During World War II, bombers of the Allied air forces were able to baffle the German radar by dropping clouds of tiny strips of aluminum foil which threw off the scanning enemy radar, preventing it from giving direction to their night fighters and aircraft guns. If a similar method could be found to baffle those sonars, then the Soviets would have a cover under which they could move their entire submarine fleet out into the Atlantic. The ability of NATO to discover the location and tracks of the lethal Soviet underwater fleet would be nullified. NATO’s military satellites in space could keep count of the Soviet submarines at their Baltic and other northern bases, but the whereabouts of the Red Navy’s submarine fleet at sea would be unknown.

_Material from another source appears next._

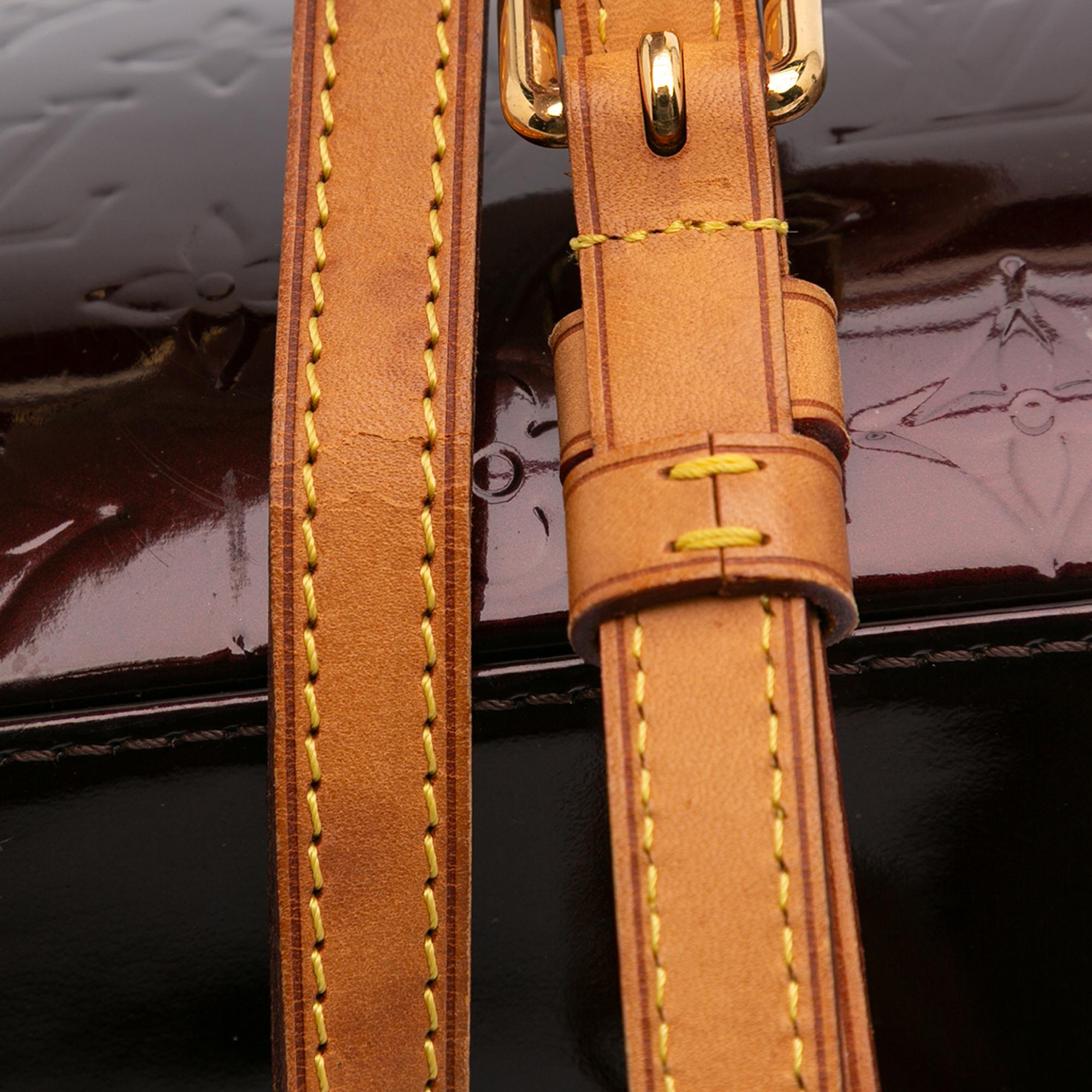 Louis Vuitton Monogram Vernis Brea GM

It was, therefore, apparent to all ship commanders of the Royal Navy that should the Soviets come up with an answer to North Atlantic sonar arrays, they would have won a tremendous tactical advantage, one that would be particularly valuable during a prehostility buildup and deployment of forces in any escalating crisis.

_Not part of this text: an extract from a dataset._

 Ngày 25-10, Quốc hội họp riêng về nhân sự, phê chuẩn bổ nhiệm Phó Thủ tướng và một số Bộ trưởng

At 1200 hours GMT on March 22, a full eleven days after the sonar interference began and two hours after Leach received the Admiralty signal, the interference stopped. It did so abruptly, just as if someone had flicked a switch.
At that moment, Splendid was still just below the surface in the Atlantic, abeam of Cape Town. The news of the rebirth of their sonar brought hoots of joy throughout the boat. Leach immediately dived his ship down into the sanctuary of the deep, warm sea over the continental shelf of Africa.
As Splendid descended, Leach reflected on the Admiralty signal and on the sonar interference capability of the Soviets. That goddamn SONINT thing wasn’t just a toy the Soviets would use in an exercise, in a month of war games. If SONINT was as effective as he knew it to be—it had almost cost him his brand new ship, let alone his life—why in hell would the Red Navy let the whole world know they had the damn thing by turning it on just so that they could use it at OKEAN? The isolated captain had little information with which to make an accurate judgment.
What he did know, however, was that the Americans and the Soviets were eyeball to eyeball over the Middle East. The Red Navy had more ships at sea than it had ever had at any one time. Sure, the Soviets were mounting OKEAN, but OKEAN wasn’t sufficient reason to trigger the use of SONINT. No, those bastards were definitely up to something. He’d bet his last pound on it.
Commander Marcus Leach was right.
11
25 March 4:00 P.M.
The White House
Washington, D.C.
Across the polished, historic desk of the Oval Office over which so many decisions had been taken and upon which so many documents had been signed, President Hansen watched the lined, pitted face and red, watery eyes of Vasili Kuznetsov, the likeable old Soviet ambassador to the United States, a man who had represented his country on the Washington scene for over two decades. He had been summoned by the president through the office of the secretary of state, John Eaton, who sat next to Kuznetsov.
Kuznetsov spoke excellent English, but with a heavy Russian accent. At this morning meeting with the new president, he was clearly unhappy that events had taken a turn for the worse between the United States and his nation. He felt responsible for maintaining good relations between the two giants of the world and took it as a personal failure that things had gone awry.